Substack

Monday, October 12, 2009

Another nudge to reduce corruption

I have blogged earlier about the demand side origins of corruption and how adaptive expectations among officials about precedents set by citizens/consumers creates, sustains and even amplifies corruption.

Often, the applicants to public services (and contractors executing works) are resigned to the inevitability of speed payments and voluntarily (often without coercion or signals from the official) donate something when the service is delivered. In most instances, it is also an expression of their relief at having received the service without enduring the expected hassles. The result is a chain of adaptive expectations (about receiving something) that get entrenched into the officials at the interface of service delivery. This problem is especially pronounced with the newer set of public service delivery interventions, which seek to minimize transactions and eliminate interface with officials, and whose incentives get distorted with such payments.

How do we turn people away from making such voluntary contributions that sustains corruption? A friend of mine had this excellent suggestion. How about placing "donation boxes" at strategic locations in Citizen Charter Counters or government offices which nudge such "happy" citizens to channel their contributions into these boxes instead of the officials sitting across the counter? To increase its effectiveness, these boxes, like the CRY donation boxes at cash counters in shops, can indicate specific public causes to which the proceeds will be used.
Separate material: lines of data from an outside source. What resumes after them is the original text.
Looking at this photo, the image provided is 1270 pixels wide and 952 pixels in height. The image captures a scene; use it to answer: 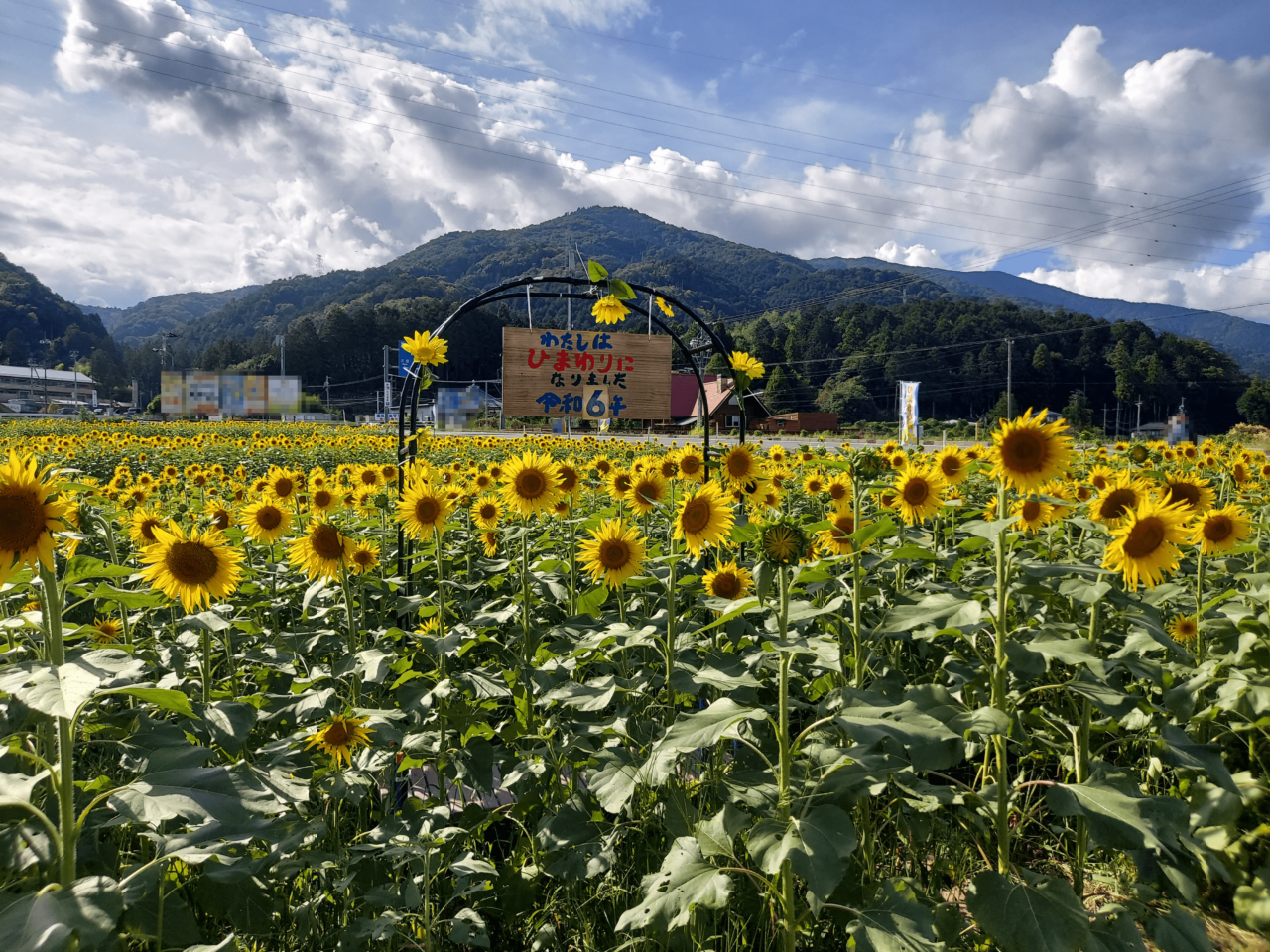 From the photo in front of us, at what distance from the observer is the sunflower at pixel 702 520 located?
2516 millimetres

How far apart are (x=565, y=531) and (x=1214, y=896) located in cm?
307

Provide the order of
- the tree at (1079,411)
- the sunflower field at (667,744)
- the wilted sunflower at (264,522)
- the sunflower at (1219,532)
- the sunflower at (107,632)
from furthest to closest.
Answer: the tree at (1079,411) < the wilted sunflower at (264,522) < the sunflower at (107,632) < the sunflower at (1219,532) < the sunflower field at (667,744)

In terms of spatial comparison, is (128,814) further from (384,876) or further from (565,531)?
(565,531)

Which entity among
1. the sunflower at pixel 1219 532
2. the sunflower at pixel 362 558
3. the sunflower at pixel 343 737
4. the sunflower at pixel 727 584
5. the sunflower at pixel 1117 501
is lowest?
the sunflower at pixel 343 737

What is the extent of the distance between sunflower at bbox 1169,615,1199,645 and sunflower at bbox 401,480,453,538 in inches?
126

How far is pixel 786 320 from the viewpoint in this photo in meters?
91.1

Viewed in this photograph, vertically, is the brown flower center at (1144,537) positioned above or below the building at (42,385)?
below

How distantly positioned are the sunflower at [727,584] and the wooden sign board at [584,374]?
192 centimetres

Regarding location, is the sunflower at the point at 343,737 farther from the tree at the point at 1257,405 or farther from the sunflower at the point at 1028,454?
the tree at the point at 1257,405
Apart from realizing the citizens' "happiness dividend", such boxes may also stoke their altruistic and civic sensibilities to contribute something to a good cause, and thereby increase the net payouts. These donation amounts would depend on the relative happiness or relief (those with lower expectations of government services would be happiest) experienced by them. Further, as Econ 101 teaches us, under these circumstances, consumers end up paying closer to their actual marginal utilities.



In the graphic above, the P(govt) is the official user charge for the service. Assuming the citizen pays for his entire marginal utility from receiving the service, the difference of P(A) and P(govt) would be the donation made by person A, and that between P(B) and P(govt) the donation of B. The entire consumer surplus would therefore be captured by this intervention and channelled to some good public cause.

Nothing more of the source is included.